Available models: DecisionTreeClassifier, DecisionTreeRegressor, RandomForestClassifier, RandomForestRegressor, AdaBoostStumpClassifier. See each model's help (eg. ?DecisionTreeRegressor at the REPL) for more information

## 載入資料

In [4]:
features, labels = DecisionTree.load_data("iris");

In [5]:
typeof(features)

Array{Any,2}

In [6]:
typeof(labels)

Array{Any,1}

## Casting

In [7]:
# the data loaded are of type Array{Any}
# cast them to concrete types for better performance
features = float.(features)
labels = string.(labels)

150-element Array{String,1}:
 "Iris-setosa"
 "Iris-setosa"
 "Iris-setosa"
 "Iris-setosa"
 "Iris-setosa"
 "Iris-setosa"
 "Iris-setosa"
 "Iris-setosa"
 "Iris-setosa"
 "Iris-setosa"
 "Iris-setosa"
 "Iris-setosa"
 "Iris-setosa"
 ⋮
 "Iris-virginica"
 "Iris-virginica"
 "Iris-virginica"
 "Iris-virginica"
 "Iris-virginica"
 "Iris-virginica"
 "Iris-virginica"
 "Iris-virginica"
 "Iris-virginica"
 "Iris-virginica"
 "Iris-virginica"
 "Iris-virginica"

## 決策樹模型

In [8]:
# create a depth-truncated classifier
model = DecisionTree.DecisionTreeClassifier(max_depth=2)

DecisionTreeClassifier
max_depth:                2
min_samples_leaf:         1
min_samples_split:        2
min_purity_increase:      0.0
pruning_purity_threshold: 1.0
n_subfeatures:            0
classes:                  nothing
root:                     nothing

可用模型:

* `DecisionTreeClassifier`
* `DecisionTreeRegressor`
* `RandomForestClassifier`
* `RandomForestRegressor`
* `AdaBoostStumpClassifier`

In [9]:
typeof(model)

DecisionTreeClassifier

In [12]:
dump(model)

DecisionTreeClassifier
  pruning_purity_threshold: Float64 1.0
  max_depth: Int64 2
  min_samples_leaf: Int64 1
  min_samples_split: Int64 2
  min_purity_increase: Float64 0.0
  n_subfeatures: Int64 0
  rng: Random._GLOBAL_RNG Random._GLOBAL_RNG()
  root: Nothing nothing
  classes: Nothing nothing


In [13]:
Base.show_supertypes(DecisionTreeClassifier)

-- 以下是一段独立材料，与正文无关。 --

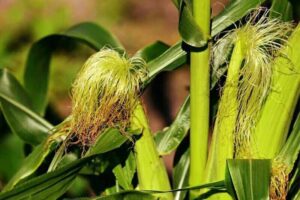 Corn Starting Tuesday with Weakness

DecisionTreeClassifier <: ScikitLearnBase.BaseClassifier <: ScikitLearnBase.BaseEstimator <: Any

## 訓練

In [14]:
DecisionTree.fit!(model, features, labels)

DecisionTreeClassifier
max_depth:                2
min_samples_leaf:         1
min_samples_split:        2
min_purity_increase:      0.0
pruning_purity_threshold: 1.0
n_subfeatures:            0
classes:                  ["Iris-setosa", "Iris-versicolor", "Iris-virginica"]
root:                     Decision Tree
Leaves: 3
Depth:  2

## 印出決策樹

In [15]:
# pretty print of the tree, to a depth of 5 nodes (optional)
DecisionTree.print_tree(model, 5)

Feature 3, Threshold 2.45
L-> Iris-setosa : 50/50
R-> Feature 4, Threshold 1.75
    L-> Iris-versicolor : 49/54
    R-> Iris-virginica : 45/46


## 預測

In [16]:
# apply learned model
new_iris = [5.9, 3.0, 5.1, 1.9]
DecisionTree.predict(model, new_iris)

"Iris-virginica"

In [17]:
# get the probability of each label
DecisionTree.predict_proba(model, new_iris)

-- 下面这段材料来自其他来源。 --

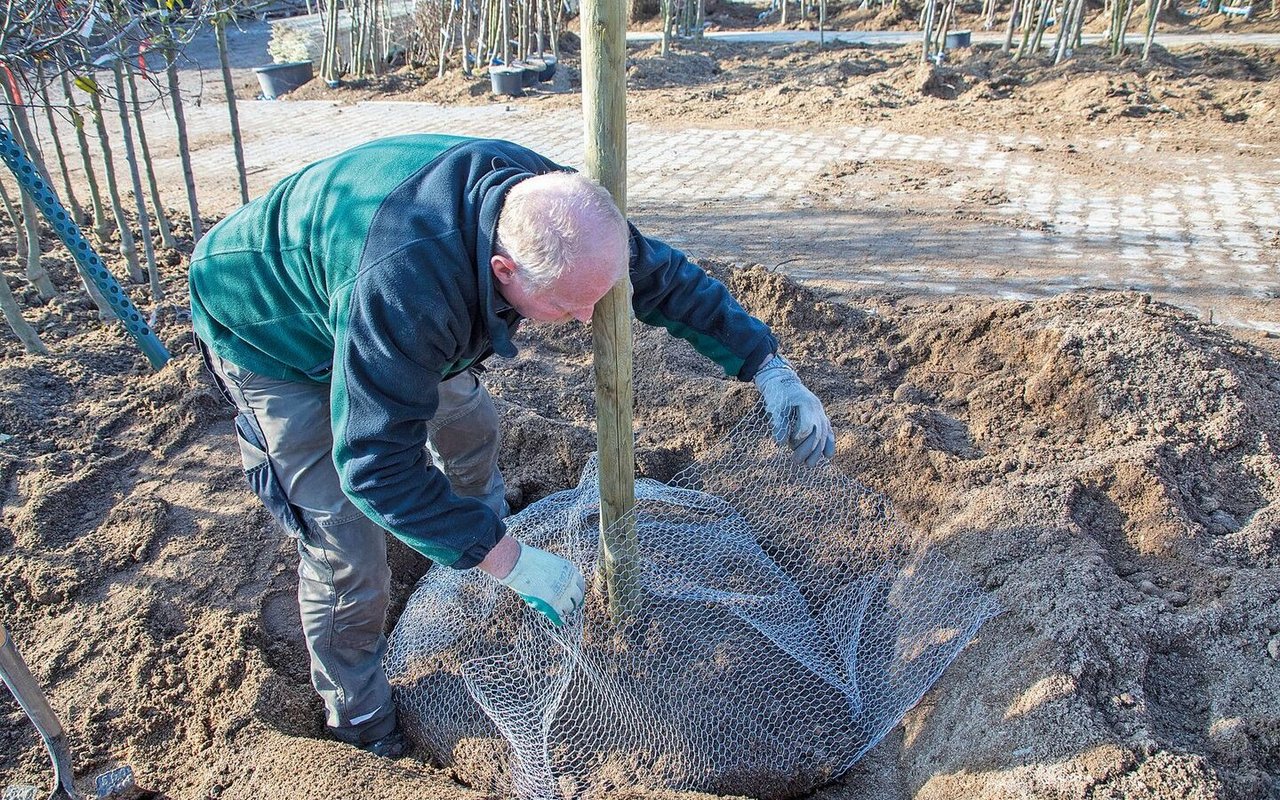 Das Drahtgeflecht darf wegen Einwachsgefahr den Stamm nicht berühren.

3-element Array{Float64,1}:
 0.0
 0.021739130434782608
 0.9782608695652174

## `predict_proba` 對應的類別

In [18]:
# returns the ordering of the columns in predict_proba's output
println(get_classes(model))
DecisionTree.get_classes(model)

["Iris-setosa", "Iris-versicolor", "Iris-virginica"]


3-element Array{String,1}:
 "Iris-setosa"
 "Iris-versicolor"
 "Iris-virginica"

### 驗證 cross validation

In [19]:
# run n-fold cross validation over 3 CV folds
# See ScikitLearn.jl for installation instructions
# using ScikitLearn.CrossValidation: cross_val_score
accuracy = cross_val_score(model, features, labels, cv=3)

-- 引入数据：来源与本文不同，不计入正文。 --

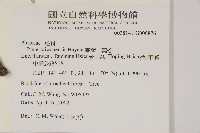 臺灣二葉松藏品圖，第2張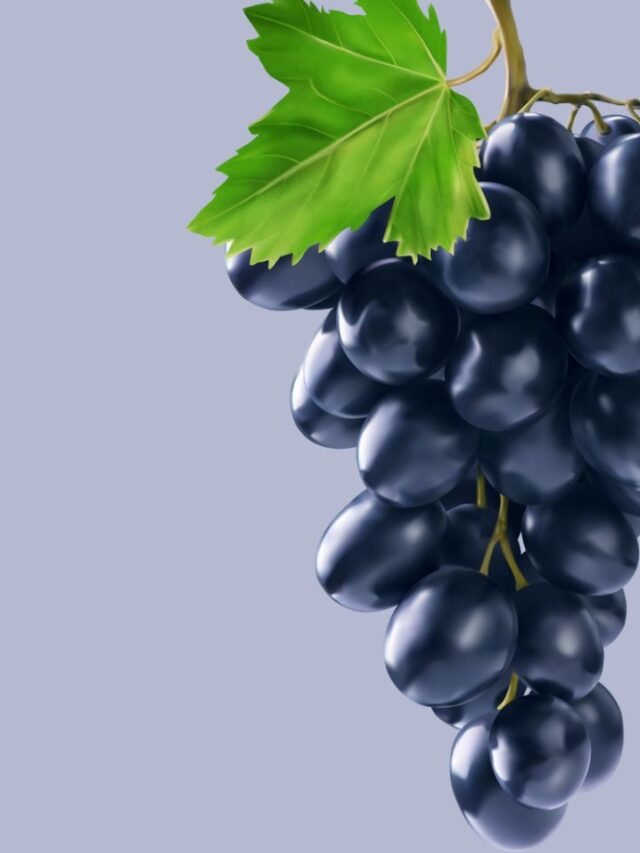 Top 10 Unknown Facts About Black Grapes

3-element Array{Float64,1}:
 0.9607843137254902
 0.9019607843137255
 0.9791666666666666

## 隨機森林模型

In [20]:
model = DecisionTree.RandomForestClassifier(n_trees=50, max_depth=2)

RandomForestClassifier
n_trees:             50
n_subfeatures:       -1
partial_sampling:    0.7
max_depth:           2
min_samples_leaf:    1
min_samples_split:   2
min_purity_increase: 0.0
classes:             nothing
ensemble:            nothing

## 訓練

In [21]:
DecisionTree.fit!(model, features, labels)

RandomForestClassifier
n_trees:             50
n_subfeatures:       -1
partial_sampling:    0.7
max_depth:           2
min_samples_leaf:    1
min_samples_split:   2
min_purity_increase: 0.0
classes:             ["Iris-setosa", "Iris-versicolor", "Iris-virginica"]
ensemble:            Ensemble of Decision Trees
Trees:      50
Avg Leaves: 3.16
Avg Depth:  2.0

## 預測

In [22]:
new_iris = [5.9, 3.0, 5.1, 1.9]
DecisionTree.predict(model, new_iris)

"Iris-virginica"

## 交叉驗證

In [23]:
accuracy = cross_val_score(model, features, labels, cv=5)

5-element Array{Float64,1}:
 0.9333333333333333
 0.9666666666666667
 0.9
 0.9333333333333333
 1.0

## Native API

### Classification Example
#### Decision Tree Classifier

In [24]:
# train full-tree classifier
model = build_tree(labels, features)

# prune tree: merge leaves having >= 90% combined purity (default: 100%)
model = prune_tree(model, 0.9)

# pretty print of the tree, to a depth of 5 nodes (optional)
print_tree(model, 5)

# apply learned model
apply_tree(model, [5.9,3.0,5.1,1.9])

# get the probability of each label
apply_tree_proba(model, [5.9,3.0,5.1,1.9], ["Iris-setosa", "Iris-versicolor", "Iris-virginica"])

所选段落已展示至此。